# What you need to do:
Below is a listing from which only part is wanted; return exactly the lines from the one with "нова каска AGV K1 s размер S черен гланц" up to and including the one with "Курт Волкер зустрівся".

# Source material:
══════════════════════════════
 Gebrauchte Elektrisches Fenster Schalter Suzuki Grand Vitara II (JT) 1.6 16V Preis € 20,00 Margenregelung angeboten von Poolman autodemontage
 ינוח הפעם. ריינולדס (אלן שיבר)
══════════════════════════════
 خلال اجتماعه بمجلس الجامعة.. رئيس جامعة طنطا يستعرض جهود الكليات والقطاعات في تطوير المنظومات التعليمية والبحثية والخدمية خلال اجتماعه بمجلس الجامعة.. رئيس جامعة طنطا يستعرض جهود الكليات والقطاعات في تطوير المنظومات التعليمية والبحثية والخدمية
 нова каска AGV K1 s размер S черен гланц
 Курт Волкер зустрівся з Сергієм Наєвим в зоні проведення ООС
══════════════════════════════
# Task result:
 нова каска AGV K1 s размер S черен гланц
 Курт Волкер зустрівся з Сергієм Наєвим в зоні проведення ООС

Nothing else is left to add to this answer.